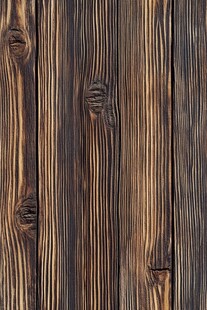 烧焦的木板纹理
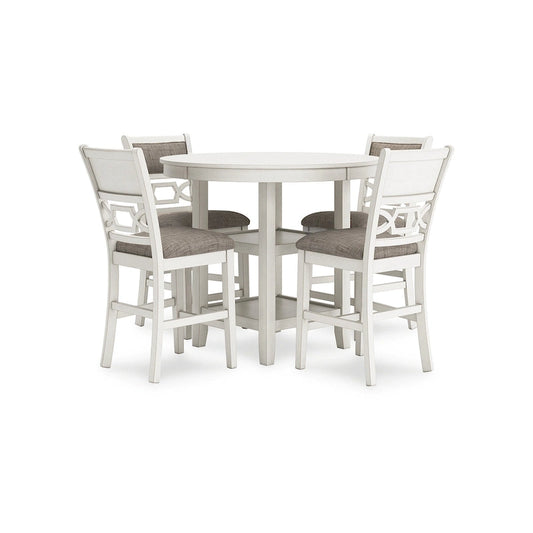 Signature Design by Ashley Erinberg White/Gray Dining Counter Table Set (Set of 5)
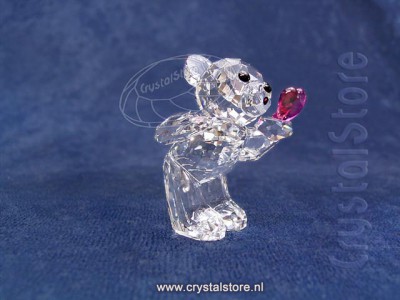 Swarovski Crystal - Kris bear  Blowing kisses
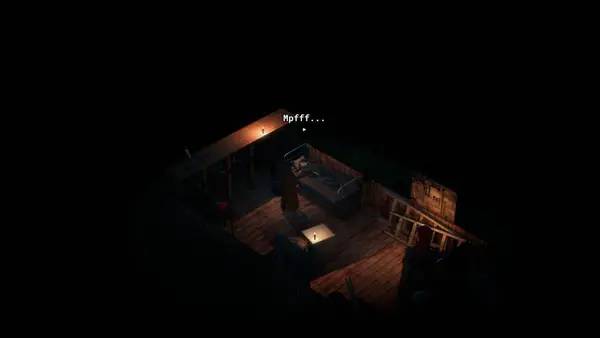 Кадр с взаимодействием персонажа и объекта в I told you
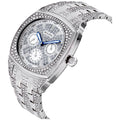  Shop Authentic Bulova Crystal Collection Phantom Silver Dial Silver Steel Strap Watch for Men - 96C002 - Luxxuri
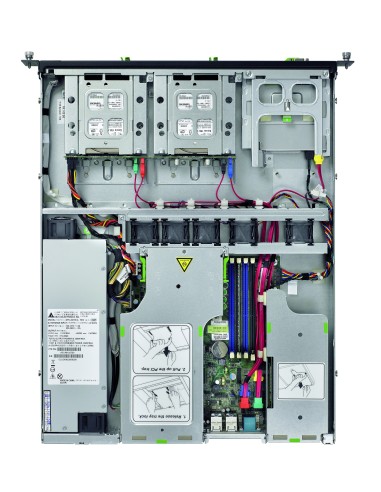 Fujitsu PRIMERGY RX100 server 3,3 GHz 4 GB Rack (1U) Intel® Core™ i3 300 W DDR3-SDRAM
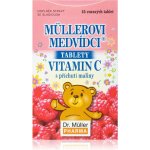 Müllerovi medvídci s vitamín C a příchutí maliny 45 tablet – Zboží Dáma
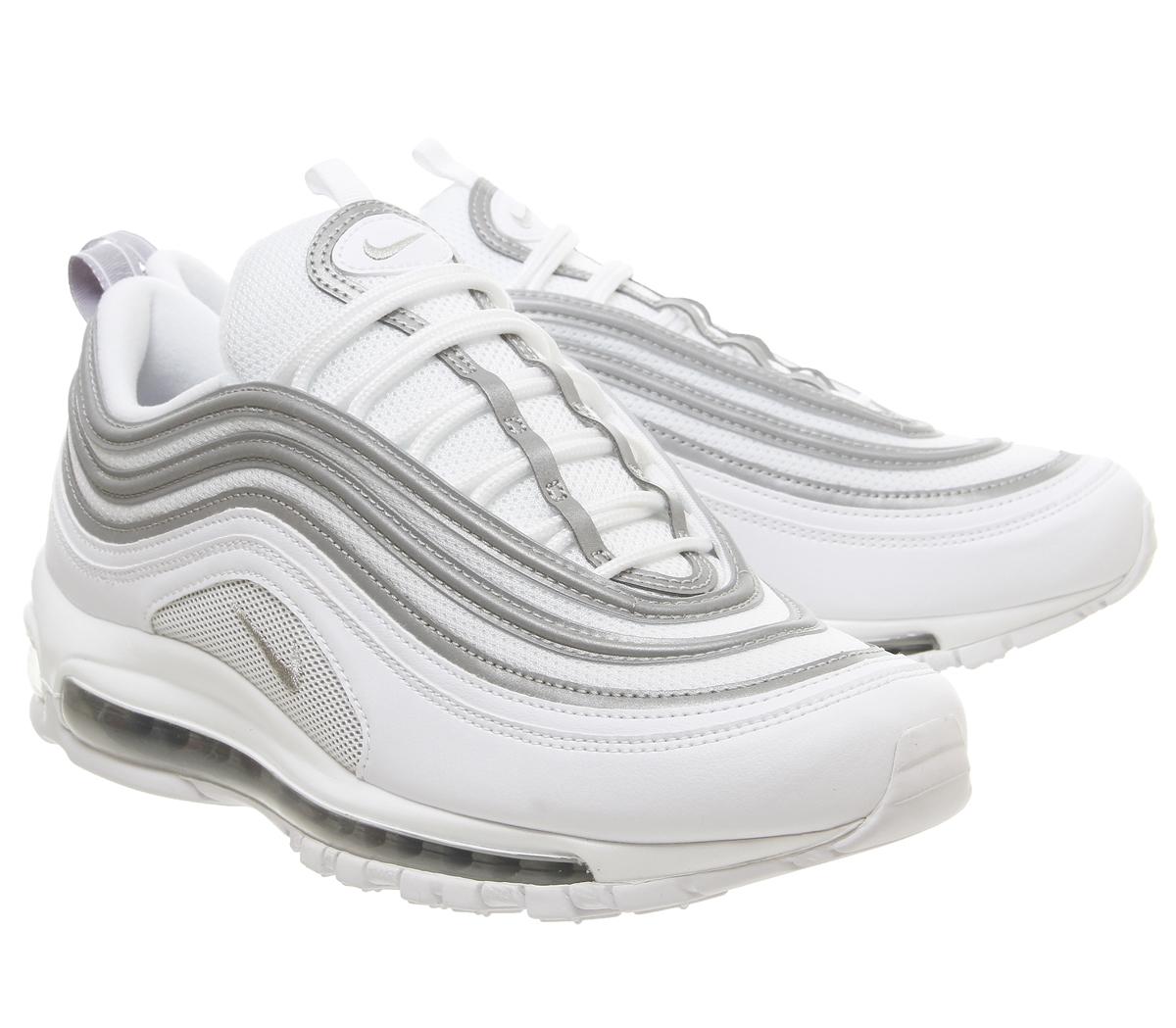 NikeAir Max 97White Reflect Silver Wolf Grey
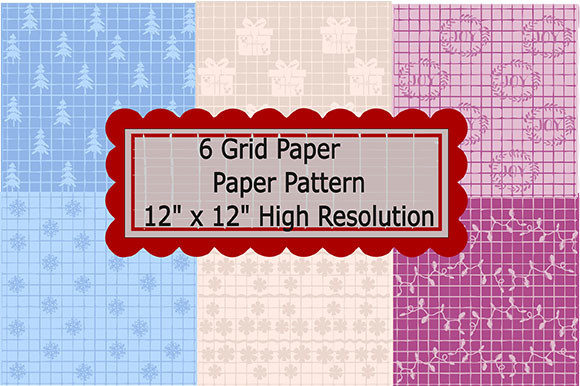 6 Grid Paper Pattern
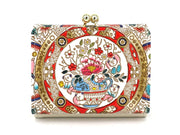 KARAKO - Chinese Dolls  Small GAMAGUCHI Trifold Wallet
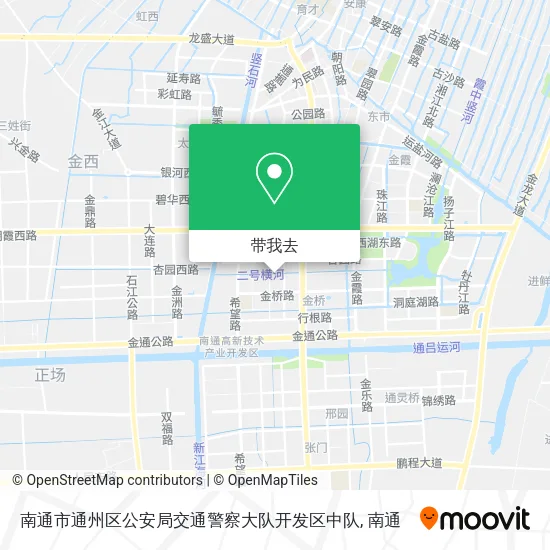 南通市通州区公安局交通警察大队开发区中队地图
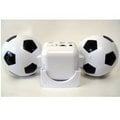 蘋果照型或足球照型可折疊隨身喇叭( iPod、MP3、CD Player均可使用)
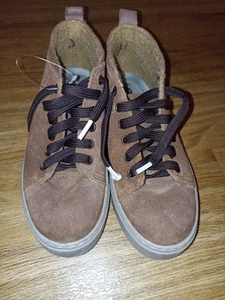 Natural World Leather Boots Sneakers Anya Tan Size 36 - Picture 1 of 12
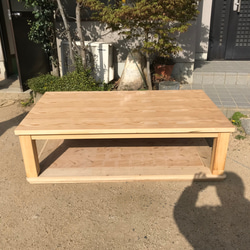大型こたつテーブルタモ150日本製・ヒーター別売り 1枚目の画像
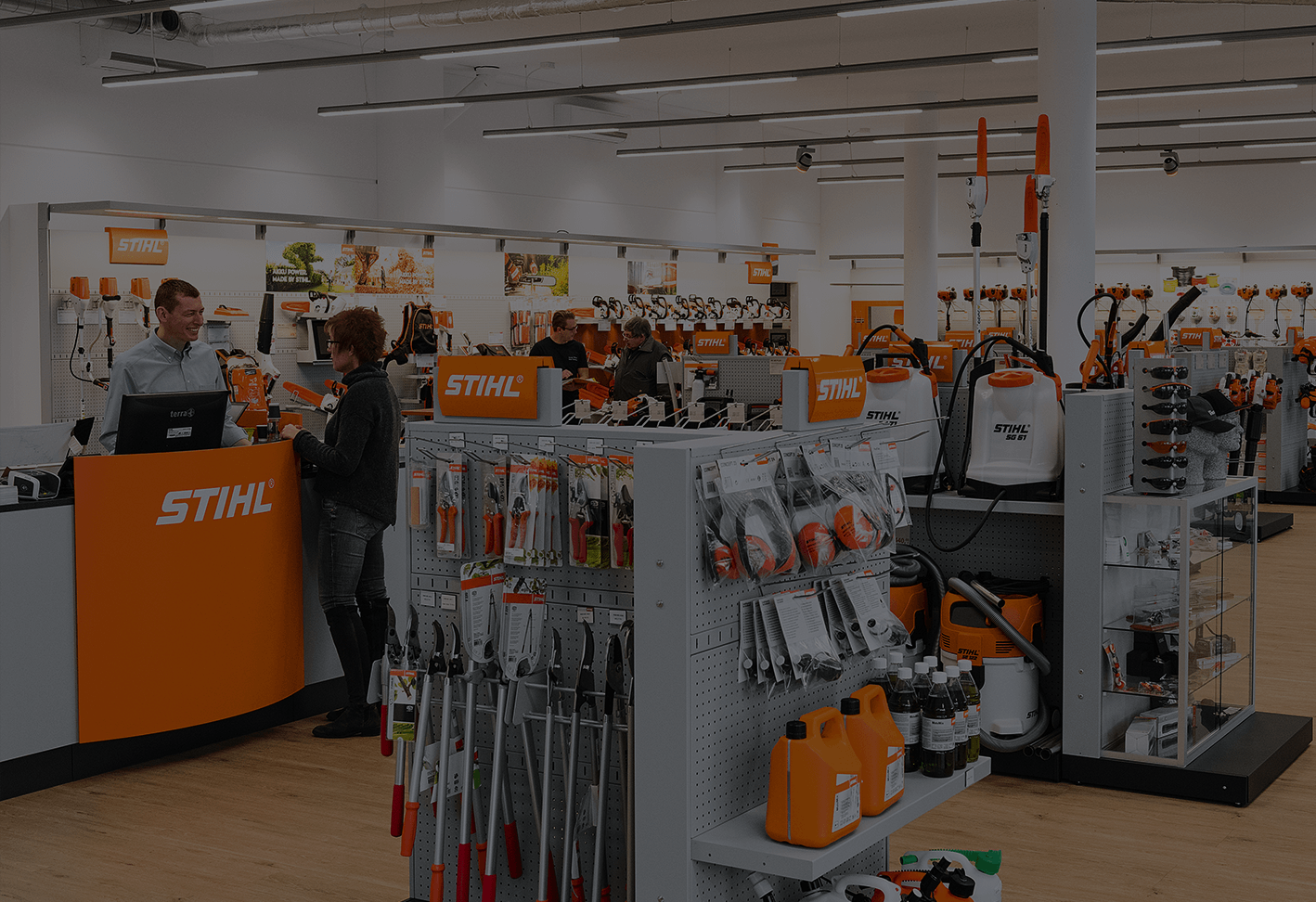 Uma loja STIHL 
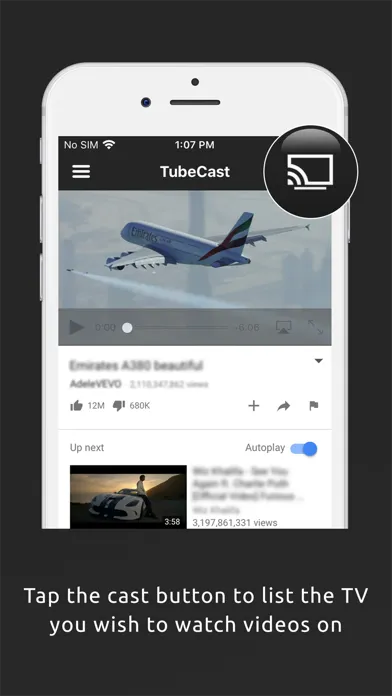 Zrzuty ekranu Tube Cast TV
******
Without changing a word, restate the listing above; the pictures stay out.

 烧焦的木板纹理
 Signature Design by Ashley Erinberg White/Gray Dining Counter Table Set (Set of 5)
 Swarovski Crystal - Kris bear  Blowing kisses
 Кадр с взаимодействием персонажа и объекта в I told you
  Shop Authentic Bulova Crystal Collection Phantom Silver Dial Silver Steel Strap Watch for Men - 96C002 - Luxxuri
 Fujitsu PRIMERGY RX100 server 3,3 GHz 4 GB Rack (1U) Intel® Core™ i3 300 W DDR3-SDRAM
 Müllerovi medvídci s vitamín C a příchutí maliny 45 tablet – Zboží Dáma
 NikeAir Max 97White Reflect Silver Wolf Grey
 6 Grid Paper Pattern
 KARAKO - Chinese Dolls  Small GAMAGUCHI Trifold Wallet
 南通市通州区公安局交通警察大队开发区中队地图
 蘋果照型或足球照型可折疊隨身喇叭( iPod、MP3、CD Player均可使用)
 Natural World Leather Boots Sneakers Anya Tan Size 36 - Picture 1 of 12
大型こたつテーブルタモ150日本製・ヒーター別売り 1枚目の画像
 Uma loja STIHL 
 Zrzuty ekranu Tube Cast TV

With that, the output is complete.